- MATERIAL PROVIDED -
□ □ □ □ □ □ □
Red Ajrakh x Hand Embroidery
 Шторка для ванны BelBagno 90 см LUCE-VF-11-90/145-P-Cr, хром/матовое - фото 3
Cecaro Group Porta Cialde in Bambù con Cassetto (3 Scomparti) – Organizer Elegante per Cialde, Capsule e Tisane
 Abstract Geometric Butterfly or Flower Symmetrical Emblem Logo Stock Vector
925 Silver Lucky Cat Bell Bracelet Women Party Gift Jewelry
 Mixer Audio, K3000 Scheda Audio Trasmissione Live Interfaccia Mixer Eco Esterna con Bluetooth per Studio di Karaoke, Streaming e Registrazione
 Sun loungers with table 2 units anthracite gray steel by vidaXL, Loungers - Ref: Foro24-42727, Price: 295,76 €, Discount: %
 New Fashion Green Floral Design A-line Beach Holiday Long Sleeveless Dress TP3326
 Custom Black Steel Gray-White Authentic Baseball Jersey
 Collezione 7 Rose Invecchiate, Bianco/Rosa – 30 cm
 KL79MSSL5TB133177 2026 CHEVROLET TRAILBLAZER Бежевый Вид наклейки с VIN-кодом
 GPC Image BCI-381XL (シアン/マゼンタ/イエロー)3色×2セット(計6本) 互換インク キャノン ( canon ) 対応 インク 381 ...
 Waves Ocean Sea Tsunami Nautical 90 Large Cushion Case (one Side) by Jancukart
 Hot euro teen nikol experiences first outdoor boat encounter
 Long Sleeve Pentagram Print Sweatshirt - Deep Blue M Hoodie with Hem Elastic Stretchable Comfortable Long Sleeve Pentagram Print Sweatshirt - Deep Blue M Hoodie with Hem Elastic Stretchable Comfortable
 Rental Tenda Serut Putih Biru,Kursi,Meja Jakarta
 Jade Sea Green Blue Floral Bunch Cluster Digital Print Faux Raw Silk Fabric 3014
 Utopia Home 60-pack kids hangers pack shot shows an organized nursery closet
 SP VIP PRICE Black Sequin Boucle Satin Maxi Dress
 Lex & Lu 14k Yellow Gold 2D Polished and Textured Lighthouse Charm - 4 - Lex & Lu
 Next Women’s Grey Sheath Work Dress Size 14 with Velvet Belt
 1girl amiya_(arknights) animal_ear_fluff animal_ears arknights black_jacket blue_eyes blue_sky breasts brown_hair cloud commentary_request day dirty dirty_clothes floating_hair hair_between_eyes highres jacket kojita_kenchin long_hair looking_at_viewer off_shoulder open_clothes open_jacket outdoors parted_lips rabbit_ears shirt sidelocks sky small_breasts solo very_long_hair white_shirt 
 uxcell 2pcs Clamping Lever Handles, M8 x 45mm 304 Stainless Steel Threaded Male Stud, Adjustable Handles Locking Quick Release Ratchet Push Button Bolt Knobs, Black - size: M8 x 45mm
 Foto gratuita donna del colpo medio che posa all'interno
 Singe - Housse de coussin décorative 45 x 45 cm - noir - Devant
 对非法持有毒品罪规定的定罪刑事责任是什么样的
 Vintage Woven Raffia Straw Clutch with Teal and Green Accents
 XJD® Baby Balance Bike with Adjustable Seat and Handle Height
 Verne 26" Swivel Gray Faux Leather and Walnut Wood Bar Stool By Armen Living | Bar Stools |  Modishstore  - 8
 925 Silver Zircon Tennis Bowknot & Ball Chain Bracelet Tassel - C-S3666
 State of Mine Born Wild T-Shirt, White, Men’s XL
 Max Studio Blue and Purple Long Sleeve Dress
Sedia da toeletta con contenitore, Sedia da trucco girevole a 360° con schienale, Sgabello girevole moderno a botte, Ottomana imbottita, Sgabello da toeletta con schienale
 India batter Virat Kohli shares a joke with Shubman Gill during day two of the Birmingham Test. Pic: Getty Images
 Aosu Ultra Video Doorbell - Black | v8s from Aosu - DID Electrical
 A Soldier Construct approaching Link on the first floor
□ □ □ □ □ □ □
- WORK TO COMPLETE -
An exact, complete copy of the lines above from the one with "Cecaro Group Porta" through the one with "Stretchable Comfortable Long" is the whole answer.

- RESULT OF THE TASK -
Cecaro Group Porta Cialde in Bambù con Cassetto (3 Scomparti) – Organizer Elegante per Cialde, Capsule e Tisane
 Abstract Geometric Butterfly or Flower Symmetrical Emblem Logo Stock Vector
925 Silver Lucky Cat Bell Bracelet Women Party Gift Jewelry
 Mixer Audio, K3000 Scheda Audio Trasmissione Live Interfaccia Mixer Eco Esterna con Bluetooth per Studio di Karaoke, Streaming e Registrazione
 Sun loungers with table 2 units anthracite gray steel by vidaXL, Loungers - Ref: Foro24-42727, Price: 295,76 €, Discount: %
 New Fashion Green Floral Design A-line Beach Holiday Long Sleeveless Dress TP3326
 Custom Black Steel Gray-White Authentic Baseball Jersey
 Collezione 7 Rose Invecchiate, Bianco/Rosa – 30 cm
 KL79MSSL5TB133177 2026 CHEVROLET TRAILBLAZER Бежевый Вид наклейки с VIN-кодом
 GPC Image BCI-381XL (シアン/マゼンタ/イエロー)3色×2セット(計6本) 互換インク キャノン ( canon ) 対応 インク 381 ...
 Waves Ocean Sea Tsunami Nautical 90 Large Cushion Case (one Side) by Jancukart
 Hot euro teen nikol experiences first outdoor boat encounter
 Long Sleeve Pentagram Print Sweatshirt - Deep Blue M Hoodie with Hem Elastic Stretchable Comfortable Long Sleeve Pentagram Print Sweatshirt - Deep Blue M Hoodie with Hem Elastic Stretchable Comfortable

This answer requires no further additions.